# Camel Trail Cornwall



## Francesca (16 Oct 2012)

Hi has anybody dont the Camel Trail in Cornwall? Me and him indoors are taking our campervan and bikes to Padstow in Cornwall at the end of October for about 5 days to do some MTB and also do the Camel Trail. Anybody also know of any good MTB trails around the Cornwall/Devon areas?
much appreciate replies
cheers
Fran


----------



## PK99 (16 Oct 2012)

Camel trail is good scenery but in cycling terms a complete doddle!


----------



## Francesca (16 Oct 2012)

PK99 said:


> Camel trail is good scenery but in cycling terms a complete doddle!


 yeah its a disused railway, so its going to be easy , but want to do it anyway, but also want to know if nearby MTB trails.


----------



## jonny jeez (16 Oct 2012)

My missus did the cycle wine tour there a few years ago and loved it...very good fun and plenty of "testing" along the way.

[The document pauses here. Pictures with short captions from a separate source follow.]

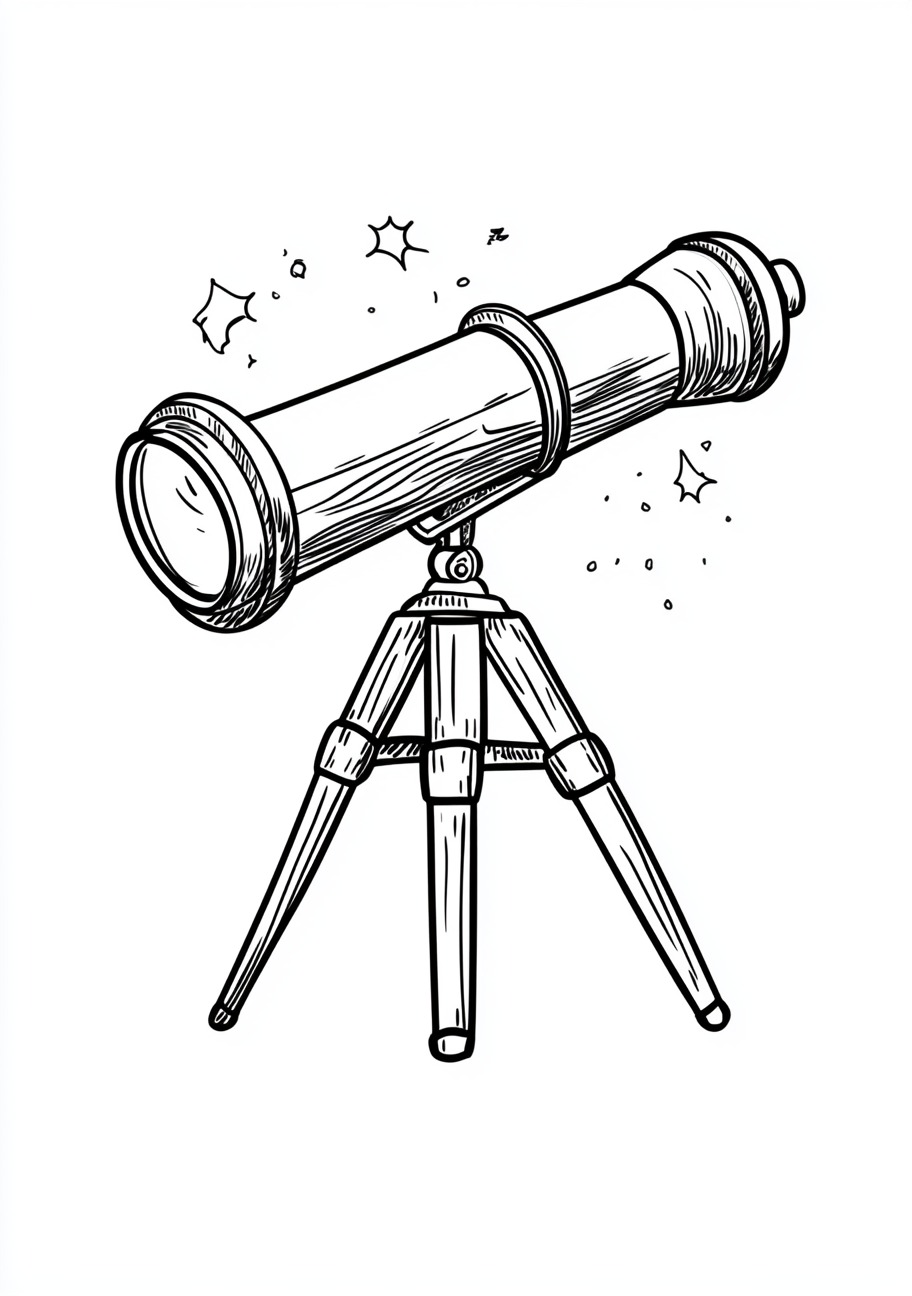 Telescope Coloring Pages, Telescope joyful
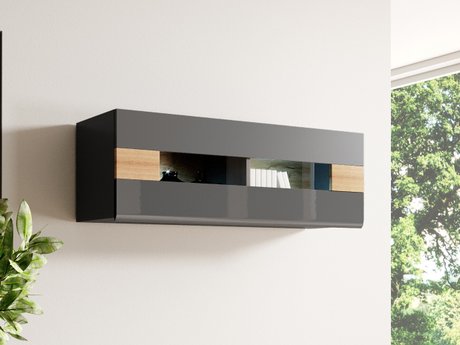 Armoire murale Torsone 116 (Anthracite + Gloss anthracite + Grandson chêne)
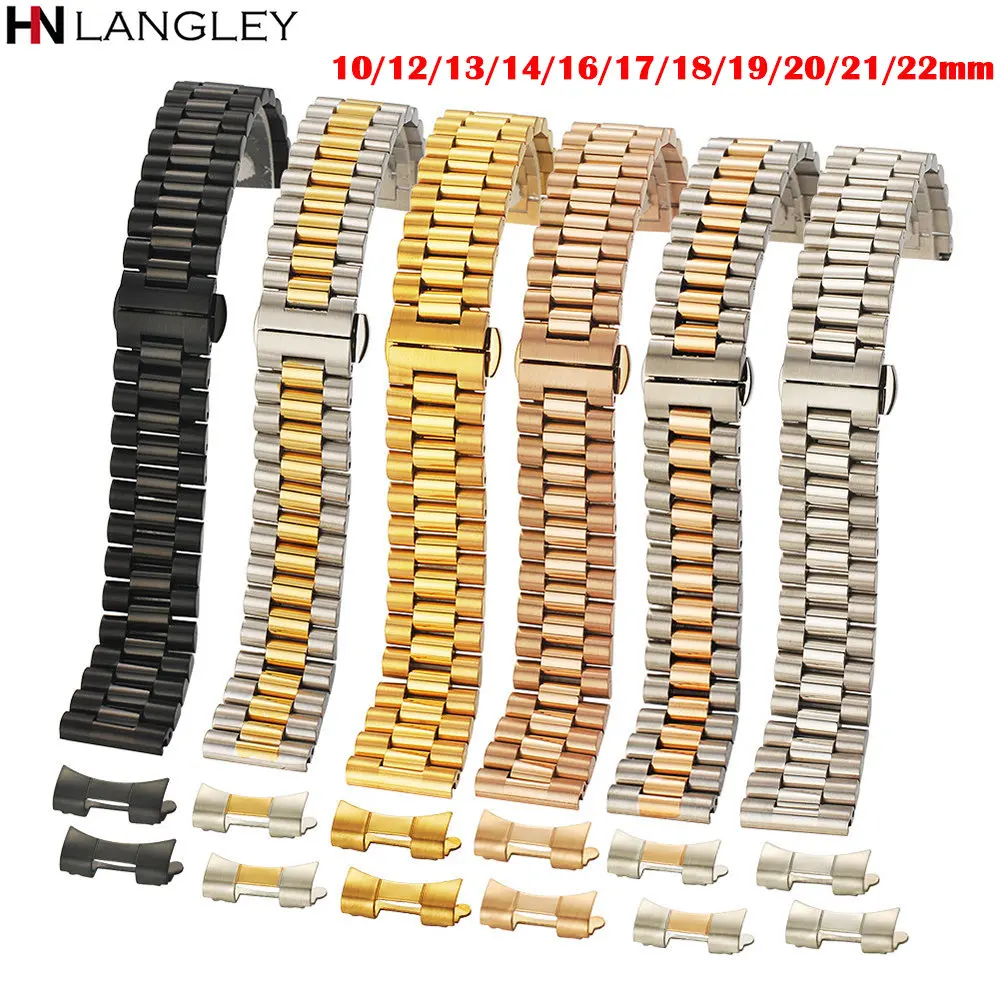 Watch Band Strap 10/12/13/14/16/17/18/19/20/21/22mm Stainless Steel Watchband Bracelet Arc Interface for Rolex Universal Strap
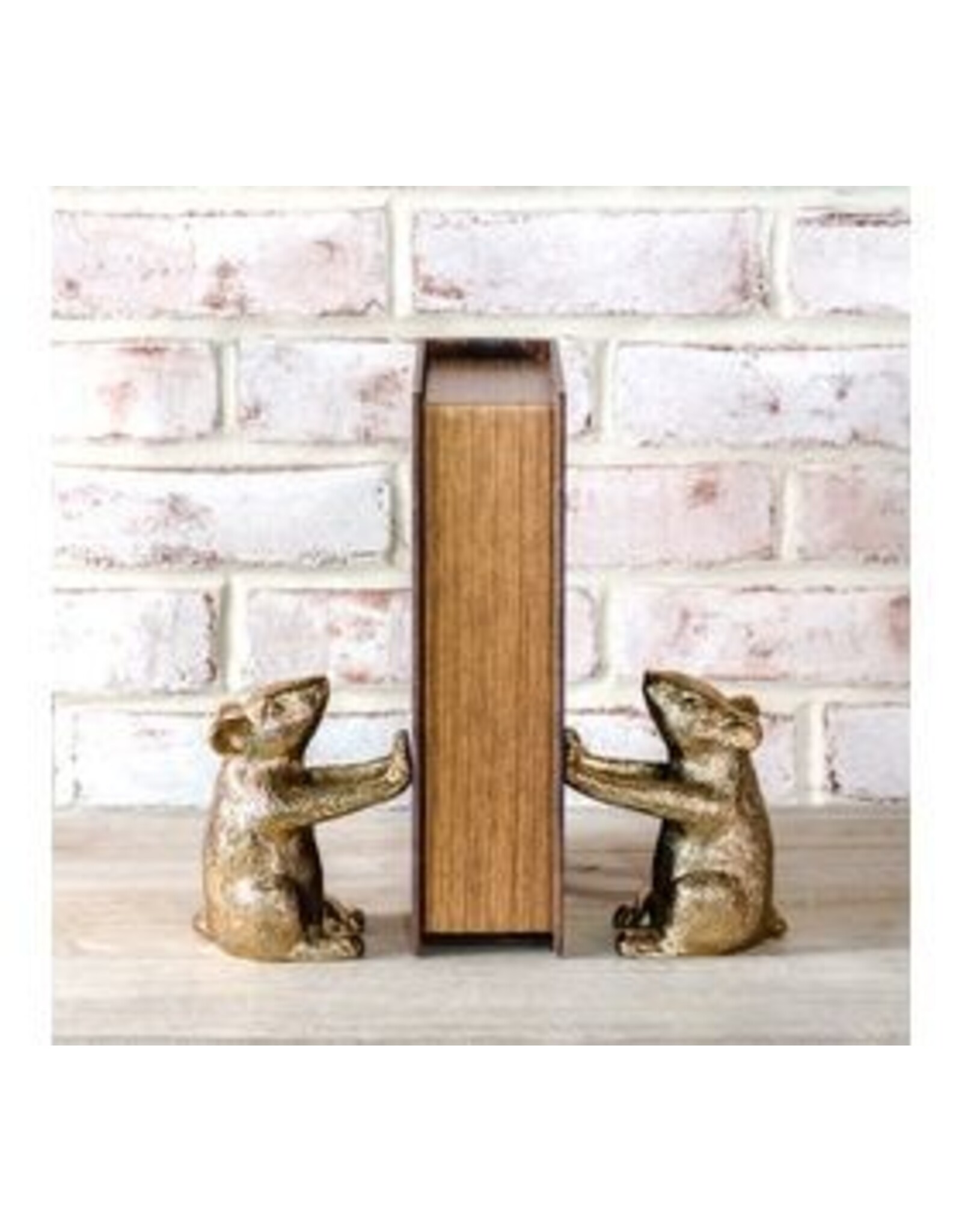 S/2 GOLD MICE BOOKENDS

She stopped of for a few days in their B&B and thought that was also wonderful.

I'd recommend that as part of a trip if you have time.

http://www.camelvalley.com/vineyard-tours


----------



## PK99 (16 Oct 2012)

Francesca said:


> yeah its a disused railway, so its going to be easy , but want to do it anyway, but also want to know if nearby MTB trails.


 
We spend a week in that area (Padstow/St Merryn) every year and I don't recall ever seeing MTB riders out in the wild.
But there are some recommendations here > http://www.bikeradar.com/forums/viewtopic.php?p=14945256


----------



## Francesca (16 Oct 2012)

cheers guys :-)


----------



## Davidc (16 Oct 2012)

The main part is Padstow to Bodmin, but there's a lovely (scenically) bit up an old mineral railway as well that's worth a look. I've ridden it a couple of times with people who don't want to use roads. There are some more cycle trails which are easy in the south of cornwall too, some along old mineral railways.

In Devon there's the coast to coast (Ilfracombe to Plymouth) that's worth doing, even the Tarka trail at the northern end isn't too busy at this time of year. As an alternative you can ride from Bude and pick up the southern bit not far from Oakhampton.


----------



## lulubel (16 Oct 2012)

PK99 said:


> We spend a week in that area (Padstow/St Merryn) every year and I don't recall ever seeing MTB riders out in the wild.


 
You could find out where the local bike shops are and ask there. There were a couple of keen MTBers who worked in the one in Penzance when we lived down there, so they would have been able to tell you all the local routes.

Also, if you're staying near any of the moors, they're all criss-crossed with bridleways, so you could just look on the relevant Ordnance Survey maps. Of course, you don't get any idea how challenging the terrain is going to be if you do that, but I don't know if that's your idea of fun or not!


----------



## Kiwiavenger (16 Oct 2012)

I live a few miles away, easily managed the full camel trail in the wet on my old hybrid on slicks. it get s fun on slicks nearer to bodmin but isnt majorly difficult.

slightly harder is the clay trails round by St Austell not massively long but some great views and after its been raining can get a bit fun! its right outside my work so tomorrow im heading out at lunch along it once i fit knobblies tonight.

onroad/tarmaced trails you have the goss moor trail, or just head onto bodmin moors. ive only recently taken up MTB'ing so will be sourcing the trails soon!


----------



## benb (16 Oct 2012)

The camel trail is lovely. As others have said it is quite flat. Really beautiful though, so just enjoy it.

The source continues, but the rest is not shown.